Peter Richmond, one of the truly excellent writers of our era, has a book coming out on the old Oakland Raiders of Madden, Tatum, Snake, etc. It’s a fantastic read—had the chance to snag an early copy, and consumed the damn think like a hamburger.
Not that that’s the point of this post. Wanted to see if Peter has a blog. He does. And that’s where, under his bio section, I found this gem. Which is 100% true—and any writer worth his salt will say the same thing:
He has interviewed hundreds of celebrities, athletes and notable people, but has discovered that the guy you end up sitting next to at the bar in a Ruby Tuesday’s just off the interstate, next to the Marriott Courtyard, is usually every bit as fascinating as the famous people, although Paul Newman would prove the exception there. But come to think of it, Newman was exactly the kind of guy who’d want to watch a football game at a franchise restaurant bar off the interstate.

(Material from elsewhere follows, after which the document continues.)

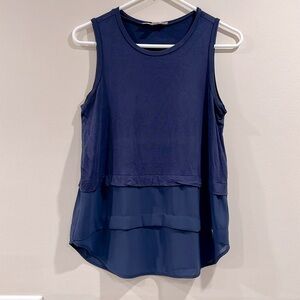 🔥Michael Kors Navy Blue Sleeveless Layered Top🔥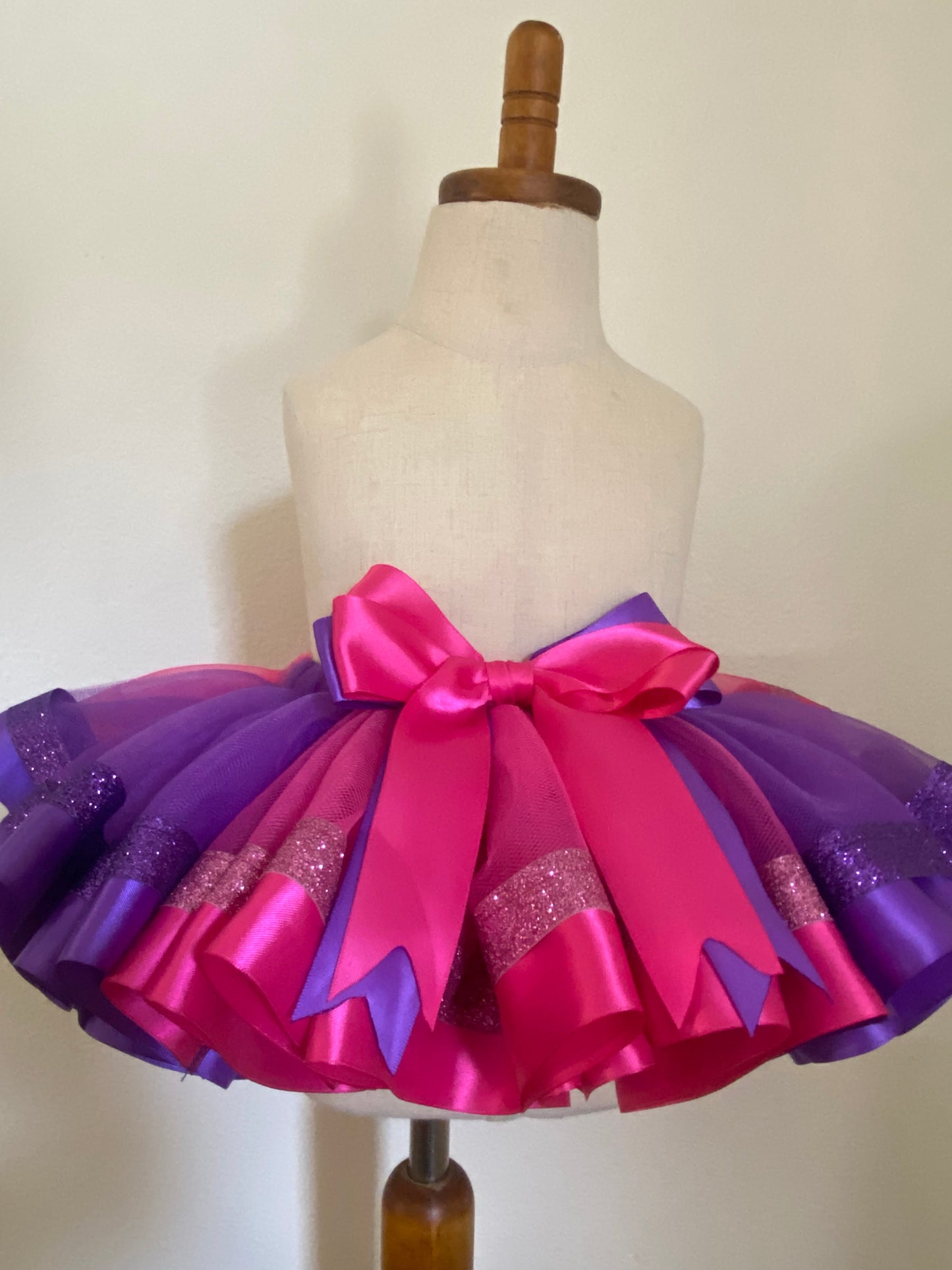 Pink and Purple Tutu Skirt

Do this gig long enough, you get asked, “What’s [FILL IN THE CELEB’S NAME] like?” at least, oh, 500 times per year. And the answer can almost always be pulled from the following list:
• A true dickhead.
• Narcissistic beyond belief.
Now, I’m, not talking about your run-of-the-mill non-superstar athletes or actors. The Sal Fasanos. The Marion Rosses. But, generally speaking, people become superstars by walling off outside distractions; by passing on that trip to, oh, Guam to take extra BP or do an interview with Entertainment Tonight. Derek Jeter is a pretty good example. If you wanna talk Yankee Stadium dimensions, there’s no one better. But if you itch for some political or social or musical insights, there ain’t much brewing.
As I write this, I think back to the early 2000s, when SI sent me on a Swimsuit Issue assignment with Molly Sims. She was a perfectly nice young woman with a fine career in front of her—but I just got the feeling she couldn’t look past the fact that she was Molly Sims, and surely Molly Sims was on the minds of everyone in attendance (truth is, most of us just wanted to fly fish). That’s the warped grip that fame has on people. Sort of an ugly truth.
Point is, I agree with Peter. Give me the barhop, the bookie, the CVS clerk, and I’ll give you a fine story.